Listed Building – Grade II
- Designated: 29 January 1996
- Reference no.: 1246257

= High Wycombe Town Hall =

Municipal building in High Wycombe, Buckinghamshire, England

High Wycombe Town Hall is a public building located on Queen Victoria Road in High Wycombe, Buckinghamshire, England. The building, which is used as an events venue, is a Grade II listed building.

==History==
The building was commissioned to replace the 18th century guildhall in the High Street. The foundation stone for the new building was laid by the mayor, Daniel Clarke, on 5 November 1903. The building was designed by Charles Bateman and Alfred Hale in the Queen Anne style and was officially opened on 12 October 1904.

The design involved seven bays with a central doorway flanked by Ionic order columns and segmented windows in the bays. The design for the first floor involved tall windows, while the attic storey had round windows at either end. On the roof was a clock turret with cupola above. Internally, the principal room on the first floor was the Oak Room, which was heavily panelled and featured stained glass windows depicting local people: the philosopher, Edmund Burke, the former Prime Minister, Benjamin Disraeli, the English Civil War Parliamentarian, John Hampden, and the founder of Pennsylvania, William Penn.

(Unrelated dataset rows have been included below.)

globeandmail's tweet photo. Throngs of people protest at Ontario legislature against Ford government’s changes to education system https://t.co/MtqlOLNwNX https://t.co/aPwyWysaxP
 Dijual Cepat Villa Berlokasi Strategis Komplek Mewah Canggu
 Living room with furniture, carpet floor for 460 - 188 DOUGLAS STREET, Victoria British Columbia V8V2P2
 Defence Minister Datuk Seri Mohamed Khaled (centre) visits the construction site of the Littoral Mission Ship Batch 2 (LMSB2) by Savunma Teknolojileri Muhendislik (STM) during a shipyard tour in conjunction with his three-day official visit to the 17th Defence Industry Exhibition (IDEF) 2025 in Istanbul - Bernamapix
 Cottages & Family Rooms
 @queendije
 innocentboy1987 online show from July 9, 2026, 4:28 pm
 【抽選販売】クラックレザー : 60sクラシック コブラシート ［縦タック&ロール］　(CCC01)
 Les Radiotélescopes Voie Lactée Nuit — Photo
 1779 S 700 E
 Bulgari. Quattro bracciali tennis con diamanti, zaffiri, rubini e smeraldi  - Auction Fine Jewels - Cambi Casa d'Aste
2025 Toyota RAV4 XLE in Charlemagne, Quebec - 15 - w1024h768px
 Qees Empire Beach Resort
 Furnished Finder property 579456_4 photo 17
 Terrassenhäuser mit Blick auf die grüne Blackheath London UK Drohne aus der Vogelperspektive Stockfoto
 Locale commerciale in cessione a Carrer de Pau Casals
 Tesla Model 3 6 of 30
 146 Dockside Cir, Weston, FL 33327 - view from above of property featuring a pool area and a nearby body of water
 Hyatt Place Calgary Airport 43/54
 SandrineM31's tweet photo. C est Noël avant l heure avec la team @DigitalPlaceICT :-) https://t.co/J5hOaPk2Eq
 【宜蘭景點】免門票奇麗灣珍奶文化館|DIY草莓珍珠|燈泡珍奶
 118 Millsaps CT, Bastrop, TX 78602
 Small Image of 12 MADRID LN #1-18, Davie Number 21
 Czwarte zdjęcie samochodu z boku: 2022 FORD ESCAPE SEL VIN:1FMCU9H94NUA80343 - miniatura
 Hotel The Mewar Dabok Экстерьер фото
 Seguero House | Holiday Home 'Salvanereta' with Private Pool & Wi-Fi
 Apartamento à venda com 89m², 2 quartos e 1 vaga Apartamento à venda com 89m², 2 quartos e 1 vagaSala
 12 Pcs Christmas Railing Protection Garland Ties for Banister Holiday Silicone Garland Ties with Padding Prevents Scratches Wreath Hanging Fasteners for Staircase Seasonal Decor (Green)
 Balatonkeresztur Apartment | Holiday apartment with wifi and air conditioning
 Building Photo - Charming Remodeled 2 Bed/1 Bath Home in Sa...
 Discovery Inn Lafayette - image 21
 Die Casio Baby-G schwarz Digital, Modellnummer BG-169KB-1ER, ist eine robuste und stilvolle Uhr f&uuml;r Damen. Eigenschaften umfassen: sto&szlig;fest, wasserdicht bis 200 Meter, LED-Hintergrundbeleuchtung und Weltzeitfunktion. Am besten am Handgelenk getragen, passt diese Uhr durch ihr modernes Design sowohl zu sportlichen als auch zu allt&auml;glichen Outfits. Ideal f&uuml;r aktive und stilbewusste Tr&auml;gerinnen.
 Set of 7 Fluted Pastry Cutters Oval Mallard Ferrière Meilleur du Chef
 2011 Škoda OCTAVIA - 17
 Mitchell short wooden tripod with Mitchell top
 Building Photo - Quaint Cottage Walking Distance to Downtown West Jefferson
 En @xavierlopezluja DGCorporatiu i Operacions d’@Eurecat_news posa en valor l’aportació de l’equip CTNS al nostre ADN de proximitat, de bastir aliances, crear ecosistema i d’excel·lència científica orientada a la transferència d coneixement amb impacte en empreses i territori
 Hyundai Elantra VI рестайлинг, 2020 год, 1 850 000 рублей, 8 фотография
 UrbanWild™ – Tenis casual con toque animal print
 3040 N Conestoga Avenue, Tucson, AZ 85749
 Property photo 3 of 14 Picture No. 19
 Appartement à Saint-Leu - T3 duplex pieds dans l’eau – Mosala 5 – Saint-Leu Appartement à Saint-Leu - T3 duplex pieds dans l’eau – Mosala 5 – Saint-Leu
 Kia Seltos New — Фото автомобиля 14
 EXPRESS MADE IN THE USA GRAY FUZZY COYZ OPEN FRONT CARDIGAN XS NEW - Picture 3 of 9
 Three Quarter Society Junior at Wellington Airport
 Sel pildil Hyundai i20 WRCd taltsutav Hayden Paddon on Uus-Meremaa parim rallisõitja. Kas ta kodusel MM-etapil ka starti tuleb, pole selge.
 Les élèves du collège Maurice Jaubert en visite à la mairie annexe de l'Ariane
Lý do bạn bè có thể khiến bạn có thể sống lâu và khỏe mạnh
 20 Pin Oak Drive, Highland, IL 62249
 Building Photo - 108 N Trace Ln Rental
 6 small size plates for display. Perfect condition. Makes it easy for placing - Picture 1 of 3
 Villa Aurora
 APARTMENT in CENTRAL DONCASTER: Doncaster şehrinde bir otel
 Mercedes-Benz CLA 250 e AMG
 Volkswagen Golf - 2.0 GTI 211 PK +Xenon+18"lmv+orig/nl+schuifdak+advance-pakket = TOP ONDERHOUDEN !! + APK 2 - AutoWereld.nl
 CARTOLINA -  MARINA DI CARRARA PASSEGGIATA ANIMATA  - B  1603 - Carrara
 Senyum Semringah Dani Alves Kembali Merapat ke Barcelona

Bateman and Hale's original plans for the building had proposed a northern wing, continuing up the Queen Victoria Road frontage, which was to have included a magistrates court, council chamber, and municipal offices for the borough council. Due to budget constraints, the council decided not to build this wing in the first phase of construction, but retained the land with the intention of adding it at a later date. The town hall as built in 1904 was therefore primarily used as a public assembly hall and entertainment venue. The council continued to hold its meetings at the guildhall, whilst the council's staff continued to be accommodated in various rented offices around the town.

When the council decided to proceed with building its own municipal offices and council chamber in the early 1930s, it chose not to use the site north of the town hall which had been reserved for that purpose in the 1903 design. Instead, it built a separate building, called Municipal Offices, on the opposite side of Queen Victoria Road, facing the town hall. The surplus land north of the town hall was used instead to build a public library and museum, which opened on 25 June 1932, four days after the opening of the municipal offices.

The town hall continued to be used as an events venue. Rock performers included The Rolling Stones in August 1963, The Who in November 1965 and Joy Division in February 1980. It was incorporated into the Wycombe Swan entertainment complex, which opened in 1992, continuing its function as an entertainment venue.